Quando foi lançado, “Os Sonhadores”, de Bernardo Bertolucci, foi recebido com aclamação quase imediata. Críticos respeitados, como Roger Ebert, exaltaram a beleza poética do filme, ainda que ele já carregasse um potencial controverso. Vinte e três anos depois, após sucessivas revisitações, o olhar crítico mudou, e mudou de forma significativa. Até mesmo pelas polêmicas em que o diretor se envolveu. Isabelle, a jovem interpretada pela talentosíssima e deslumbrante Eva Green, passou a ser lida como símbolo de mulheres silenciadas, objetificadas e erotizadas. Tomo a mim mesma como exemplo: há mais de uma década, quando assisti ao longa pela primeira vez, tive uma impressão profundamente romantizada. Hoje, minha leitura é outra: muito mais clara quanto ao verdadeiro objetivo de Bertolucci à época.

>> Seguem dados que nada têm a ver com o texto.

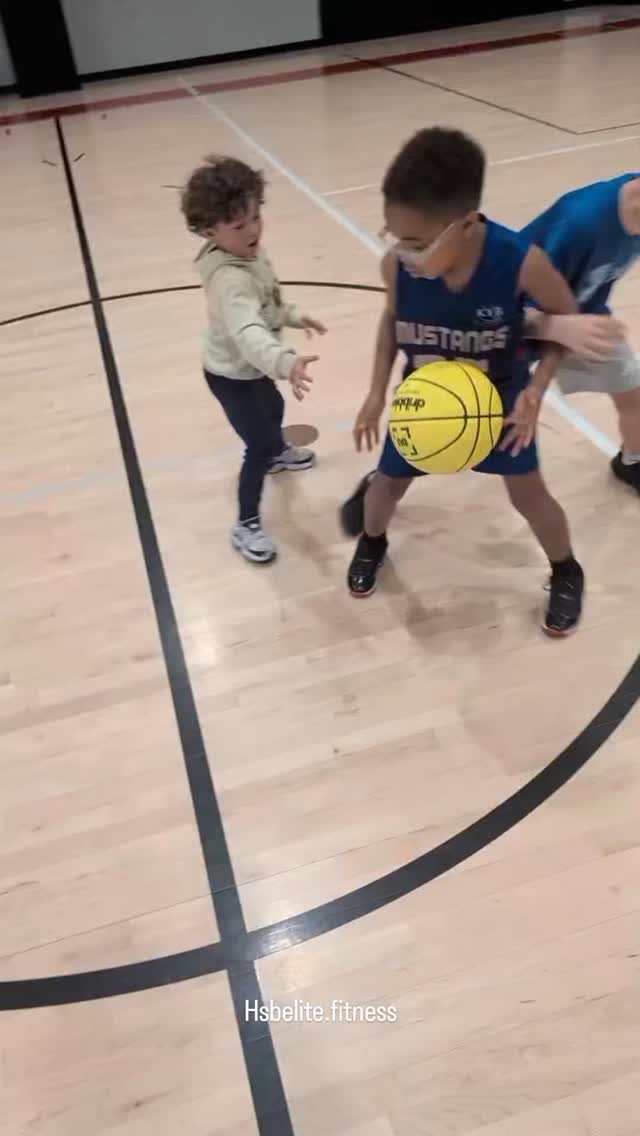 Every great player starts with the basics 🏀
Our beginner basketball training helps kids build confidence, coordination, and correct fundamentals from day one.
#BeginnerBasketball #YouthBasketball #BasketballForKids #HSBElite #BasketballTraining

Ambientado na primavera de 1968, quando jovens franceses da elite tomavam as ruas de Paris em manifestações contra a guerra e em defesa da cultura, do cinema e da arte, um despertar que ecoa até hoje em movimentos como a Nouvelle Vague, o filme acompanha os irmãos burgueses Théo (Louis Garrel) e Isabelle (Eva Green), que conhecem, na Cinémathèque Française, o estudante norte-americano Matthew (Michael Pitt). Após um convite para jantar em seu apartamento, no centro da capital francesa, Matthew é convidado a passar a noite. Os pais de Théo e Isabelle estão prestes a viajar e autorizam a permanência do novo amigo.
Depois de uma noite estranha, em que Matthew flagra os irmãos dormindo juntos, nus, na mesma cama, ele é convidado a ficar no apartamento por um mês, durante a ausência dos pais. Matthew aceita. E fica. Ao longo desse período, vive uma espécie de utopia: o sonho confortável da esquerda caviar parisiense dos anos 1960. Théo e Isabelle levam a vida como crianças prolongadas, opinando sobre política, imitando cenas de filmes e propondo desafios eróticos. Matthew entra no jogo. Envolve-se romanticamente com Isabelle, ainda sem compreender por completo a natureza da relação dela com o irmão.
Se, quando mais jovem, eu via “Os Sonhadores” como um retrato sedutor de jovens livres, inteligentes e politicamente conscientes, hoje percebo que Bertolucci fazia justamente o oposto: ele os criticava. Como pude não ter percebido algo tão evidente? Algo que o próprio Matthew verbaliza sem rodeios. Em uma cena decisiva, ele confronta Théo após o anfitrião discursar sobre paz, cultura e luta de classes. Matthew então o desmonta com uma frase simples e brutal: aquilo não é luta, é encenação confortável.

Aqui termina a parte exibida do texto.